- **INPUT**:
====
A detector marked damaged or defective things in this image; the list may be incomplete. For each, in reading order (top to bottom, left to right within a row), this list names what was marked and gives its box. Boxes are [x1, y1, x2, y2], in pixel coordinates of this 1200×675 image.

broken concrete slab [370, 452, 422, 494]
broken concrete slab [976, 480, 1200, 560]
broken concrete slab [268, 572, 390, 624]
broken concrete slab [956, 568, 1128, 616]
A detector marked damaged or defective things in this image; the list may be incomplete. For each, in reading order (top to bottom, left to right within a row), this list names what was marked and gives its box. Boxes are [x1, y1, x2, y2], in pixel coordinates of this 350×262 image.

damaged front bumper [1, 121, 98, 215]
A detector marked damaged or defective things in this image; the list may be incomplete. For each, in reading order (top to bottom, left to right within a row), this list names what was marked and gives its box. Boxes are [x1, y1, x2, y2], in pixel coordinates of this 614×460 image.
====
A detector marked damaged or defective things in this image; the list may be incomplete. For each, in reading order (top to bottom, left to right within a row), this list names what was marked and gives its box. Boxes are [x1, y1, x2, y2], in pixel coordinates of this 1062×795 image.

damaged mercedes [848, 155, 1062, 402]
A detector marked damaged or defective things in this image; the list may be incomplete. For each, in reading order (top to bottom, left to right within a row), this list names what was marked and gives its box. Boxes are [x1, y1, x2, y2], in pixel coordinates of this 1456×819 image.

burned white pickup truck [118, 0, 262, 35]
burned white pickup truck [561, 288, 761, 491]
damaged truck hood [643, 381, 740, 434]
====
- **REQUIRED WORK**: I'd like the lines above from the one with "this 350×262 image." up to and including the one with "this 614×460 image." copied exactly, with no other lines.

- **EXERCISE OUTPUT**:
A detector marked damaged or defective things in this image; the list may be incomplete. For each, in reading order (top to bottom, left to right within a row), this list names what was marked and gives its box. Boxes are [x1, y1, x2, y2], in pixel coordinates of this 350×262 image.

damaged front bumper [1, 121, 98, 215]
A detector marked damaged or defective things in this image; the list may be incomplete. For each, in reading order (top to bottom, left to right within a row), this list names what was marked and gives its box. Boxes are [x1, y1, x2, y2], in pixel coordinates of this 614×460 image.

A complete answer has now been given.